New Mexico high school students already must take at least one course in a language other than English to obtain a diploma.
“Districts could still teach Latin, French or Spanish, but it provides the incentive for them to incorporate (computer) coding into their curriculum without it being an unfunded mandate,” Candelaria told the Albuquerque Journal.
It’s not a unique idea: Last week, Kentucky’s Senate Education Committee endorsed allowing students to substitute computer programming for foreign language requirements by a vote of 10 to 1. Republican state Sen.
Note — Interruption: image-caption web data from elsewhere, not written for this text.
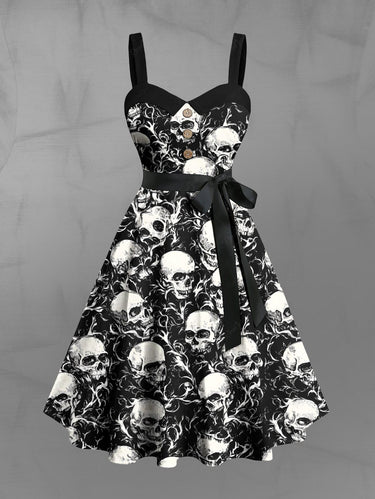 Gothic Plus Size Skull Branch Print Button A Line Tank Dress with Removable Belt
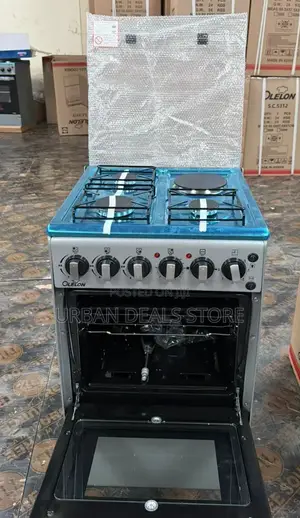 New Model Silver Olelon Free Standing 3 Gas Burner + 1 Electric Cooker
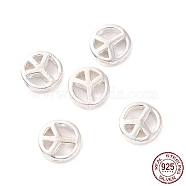 925 Sterling Silver Beads, Peace Sign, Flat Round, 10x3mm, Hole: 2mm(STER-A010-165)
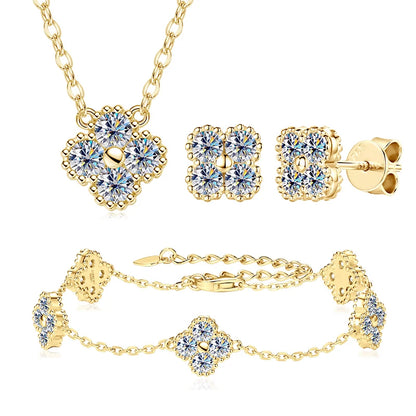 Conjunto de Joias 3 em 1: Colar, Brincos e Pulseira com Moissanita – Pedras Brasileiras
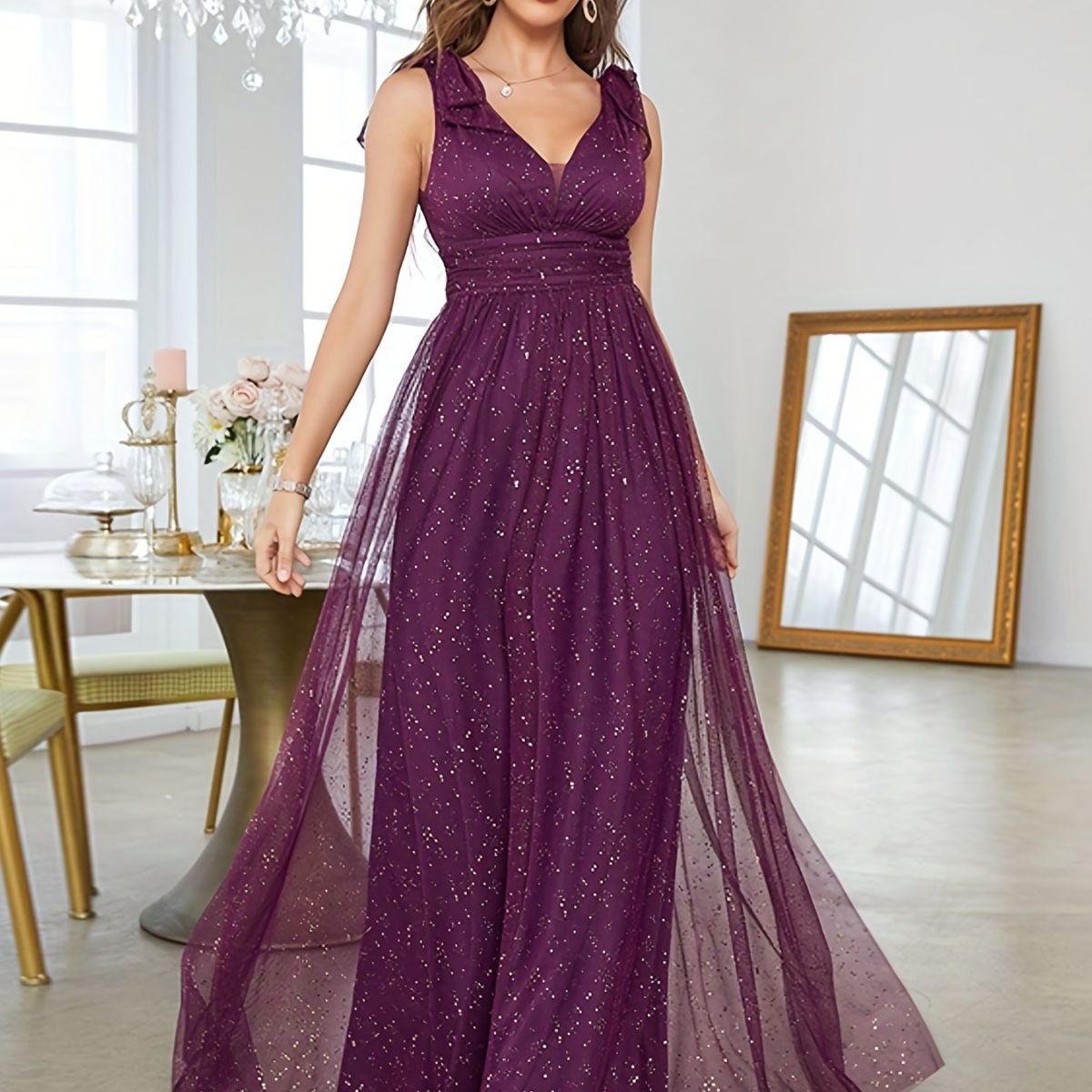 Evening dress with gold sequins, new style for women, bow, elegant V-neck bridesmaid dress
David Givens sponsored the measure, he said, to “make room in the curriculum and in the electives to try and drive computer programming closer to the start of that student’s high school studies.”
The goal, both Candelaria and Givens said, is to encourage students to go into the field of computer science, where starting salaries are well above the national average.
Nationally, just 2.4 percent of college graduates received computer science degrees in 2010, according to the National Center for Education Statistics. Computer science degrees peaked in the 2003-2004 school year, when they accounted for 59,488 of about 1.4 million degrees conferred, or about 4.25 percent of all college degrees that year.
U.S. Rep. Tony Cardenas (D-Calif.), a freshman from the Los Angeles area, has introduced legislation in Congress that would provide incentives for school districts that teach computer programming.